(Stored data entries)
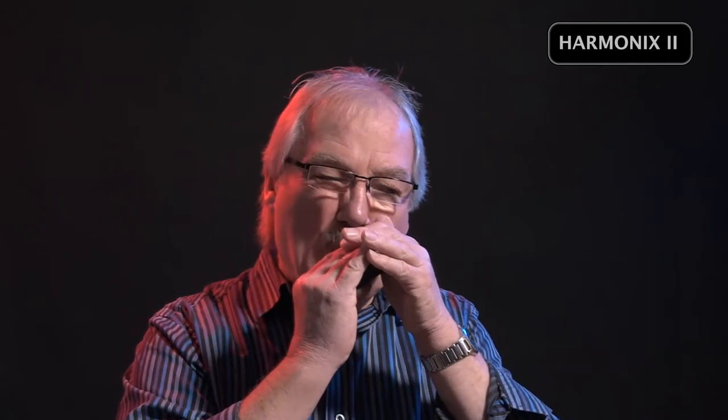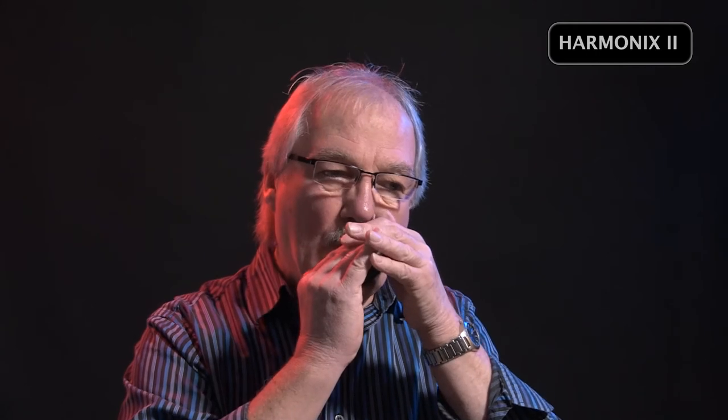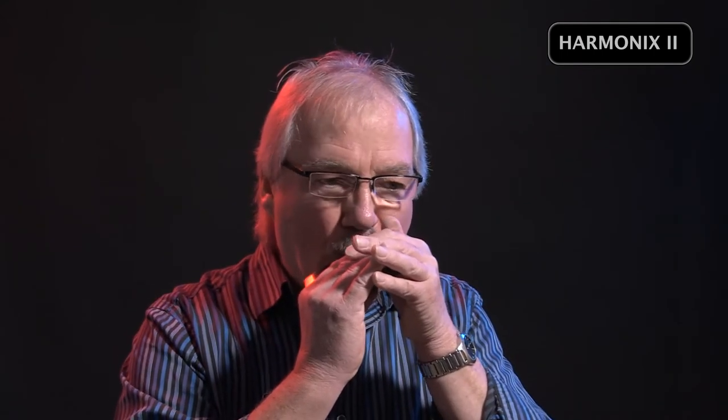So just a quick little demonstration. Now lots of guys have said to me, well how's it like with the Chicago sound, which is an overdriven sound? Well, exactly the same thing applies as when you might have been using a bullet mic. Basically the tighter you cup the instrument, the dirtier and more overdriven it's going to become.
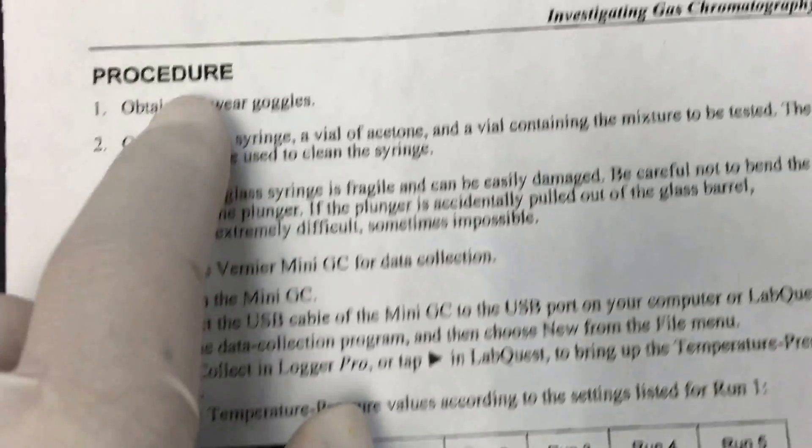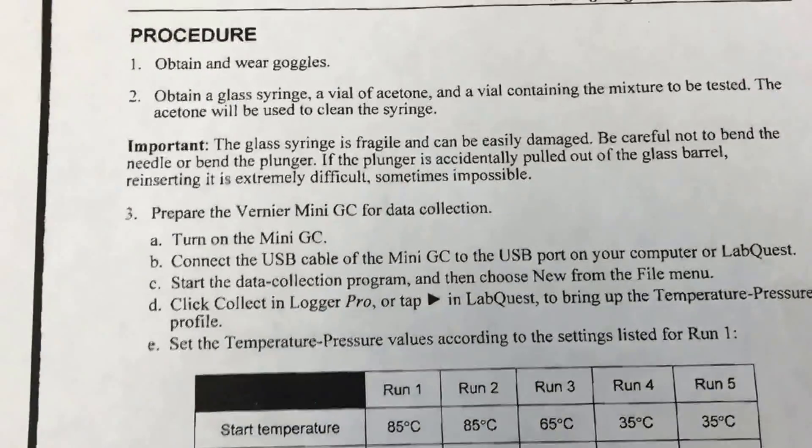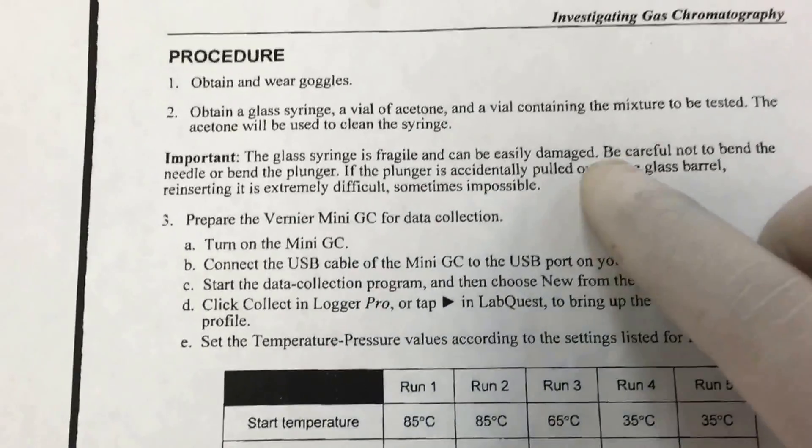The first step: you're working in the lab, so you need to wear goggles. You'll also need to obtain a syringe and a vial of acetone to rinse, according to the procedure.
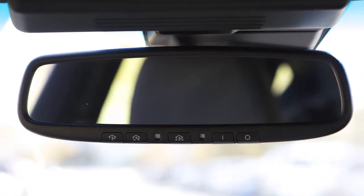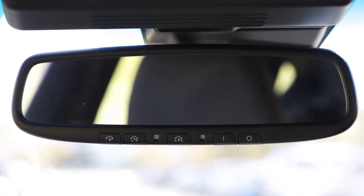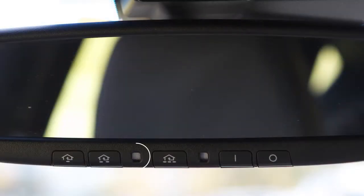Your vehicle's rearview mirror may have a feature that enables it to detect glare and automatically dim the mirror surface. The indicator light will illuminate when the anti-glare feature is operating.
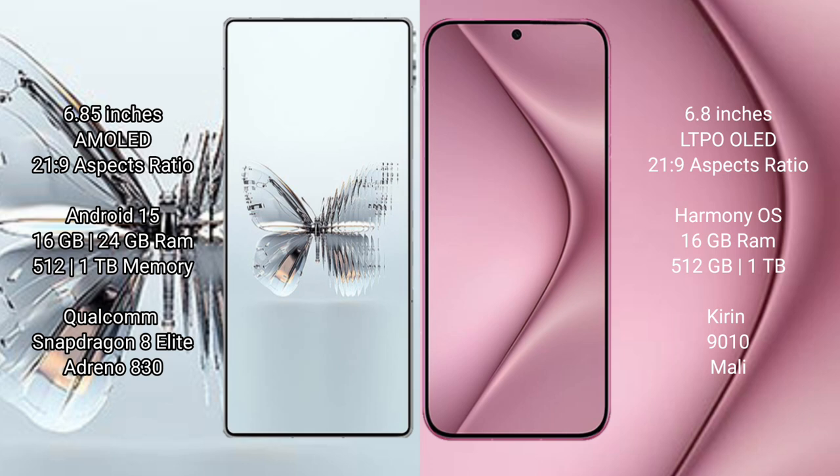The Red Magic 10 Pro Plus comes with 16GB or 24GB RAM and 512GB or 1TB internal storage. It is powered by the Qualcomm Snapdragon 8 Elite processor with an Adreno 830 GPU.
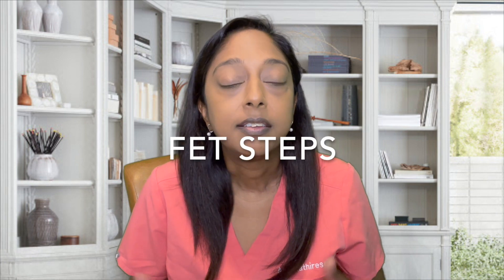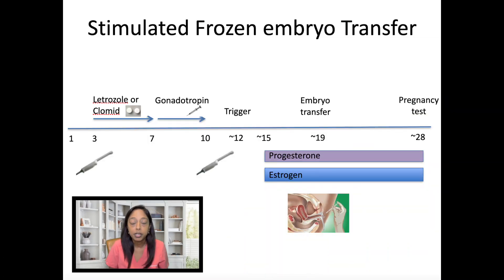The first step is to have the patient call with their period. We'll bring them in around cycle day two to four for a baseline ultrasound and bloodwork, making sure everything looks good to start. Then we'll begin medication to help them grow ideally two to three follicles — that could be Clomid, letrozole, injections, or a combination of pills and injections.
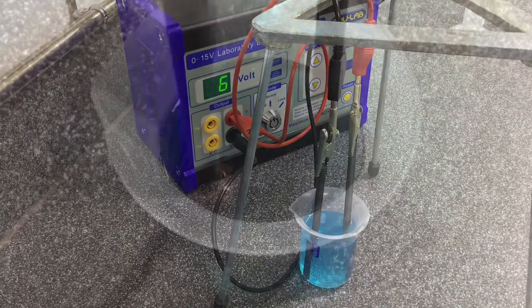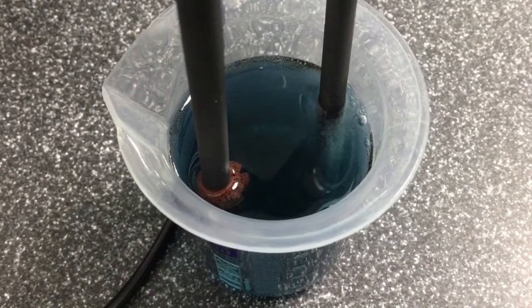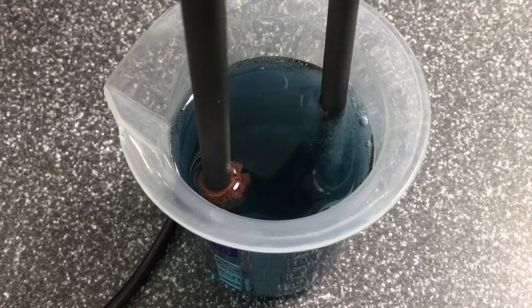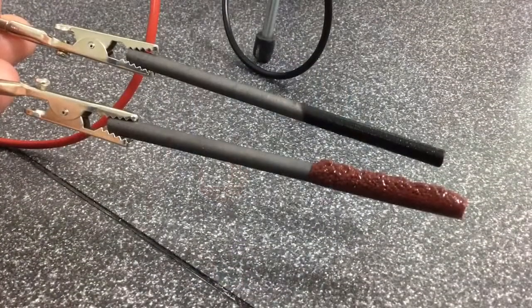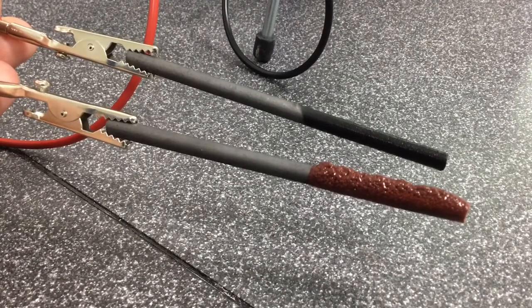It is at this point that electrolysis occurs, with the copper sulfate solution being decomposed and copper ions gathering at the cathode to form pure copper. At this point the electrodes can be removed and dried, and you can clearly see the buildup of copper on the cathode.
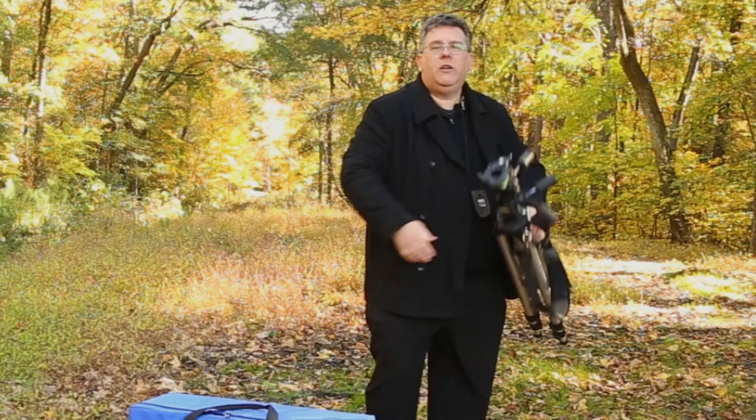Thanks for coming and watching our View Camera series with Michael Wessel. We'll be back again in another session to talk about darkroom film and developing. I hope you've enjoyed this video and we'll see you next time.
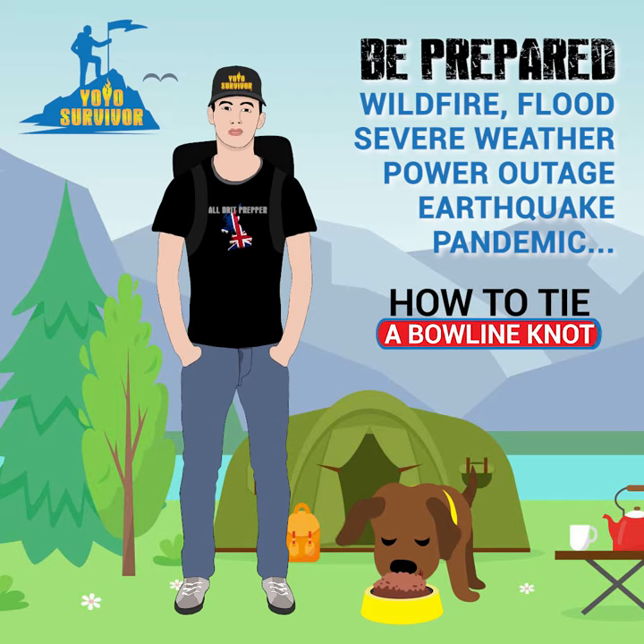Hey! Here's today's tip to help you be prepared for an emergency situation. Enjoy!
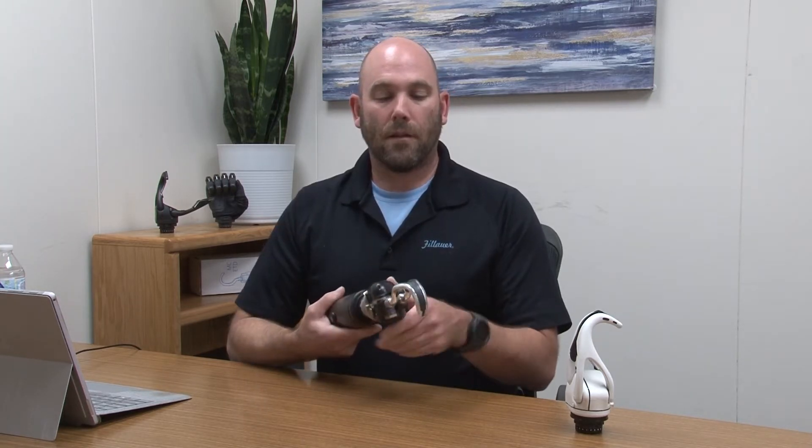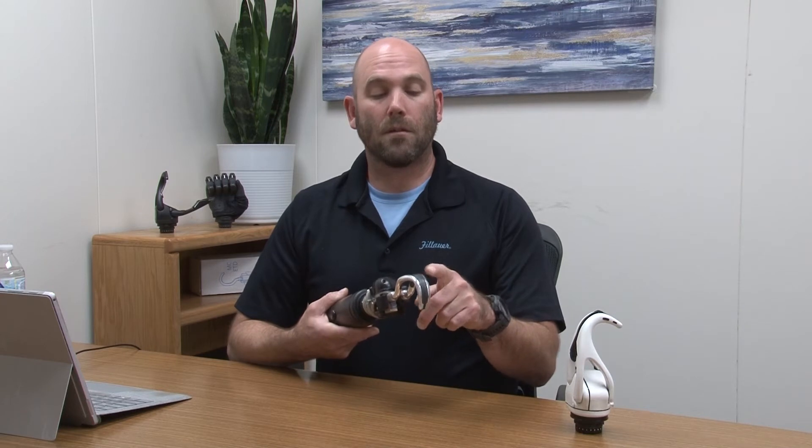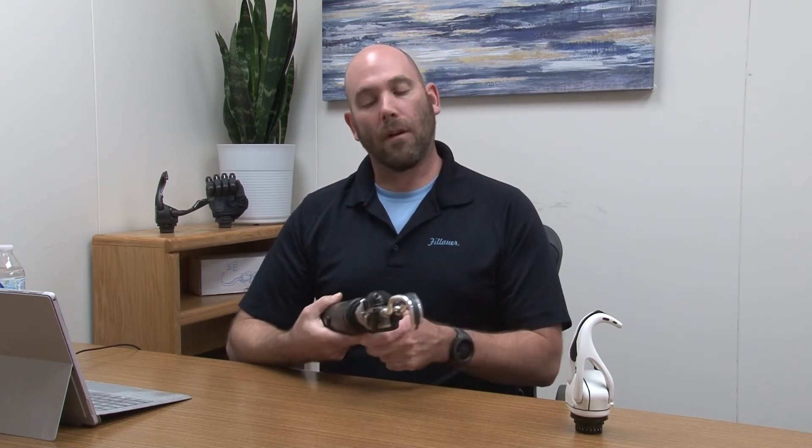With our ETD, titanium fingers are available. It doesn't make the device any lighter, but it does make it much stronger. If you are a heavy-duty user, the titanium fingers will give you that added security of knowing that you can get in there and really grip some of those heavier objects.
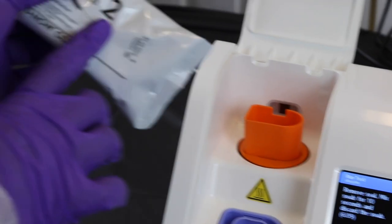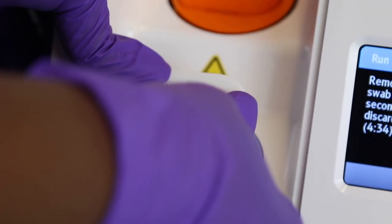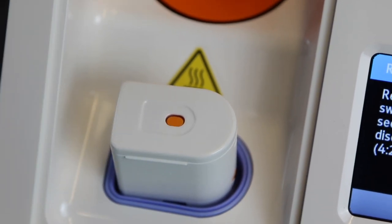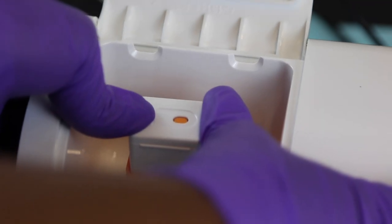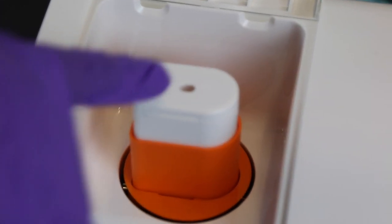Take your white cartridge from package two and make sure it's oriented correctly. Push it into the blue receiver. You must verify two things: you must hear a click and you must see the orange button pop up. If this does not occur, your test will be invalid. Then take the white cartridge out of the receiver and place it into the orange base as shown. You must hear a click and see the orange button go down — if this is not done, your test will be invalid.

* _The problem_: In repeating the entries, exclude the pictures and alter nothing else.

* _Task solution_:
So just a quick little demonstration. Now lots of guys have said to me, well how's it like with the Chicago sound, which is an overdriven sound? Well, exactly the same thing applies as when you might have been using a bullet mic. Basically the tighter you cup the instrument, the dirtier and more overdriven it's going to become.
The first step: you're working in the lab, so you need to wear goggles. You'll also need to obtain a syringe and a vial of acetone to rinse, according to the procedure.
Your vehicle's rearview mirror may have a feature that enables it to detect glare and automatically dim the mirror surface. The indicator light will illuminate when the anti-glare feature is operating.
The Red Magic 10 Pro Plus comes with 16GB or 24GB RAM and 512GB or 1TB internal storage. It is powered by the Qualcomm Snapdragon 8 Elite processor with an Adreno 830 GPU.
The first step is to have the patient call with their period. We'll bring them in around cycle day two to four for a baseline ultrasound and bloodwork, making sure everything looks good to start. Then we'll begin medication to help them grow ideally two to three follicles — that could be Clomid, letrozole, injections, or a combination of pills and injections.
It is at this point that electrolysis occurs, with the copper sulfate solution being decomposed and copper ions gathering at the cathode to form pure copper. At this point the electrodes can be removed and dried, and you can clearly see the buildup of copper on the cathode.
Thanks for coming and watching our View Camera series with Michael Wessel. We'll be back again in another session to talk about darkroom film and developing. I hope you've enjoyed this video and we'll see you next time.
Hey! Here's today's tip to help you be prepared for an emergency situation. Enjoy!
With our ETD, titanium fingers are available. It doesn't make the device any lighter, but it does make it much stronger. If you are a heavy-duty user, the titanium fingers will give you that added security of knowing that you can get in there and really grip some of those heavier objects.
Take your white cartridge from package two and make sure it's oriented correctly. Push it into the blue receiver. You must verify two things: you must hear a click and you must see the orange button pop up. If this does not occur, your test will be invalid. Then take the white cartridge out of the receiver and place it into the orange base as shown. You must hear a click and see the orange button go down — if this is not done, your test will be invalid.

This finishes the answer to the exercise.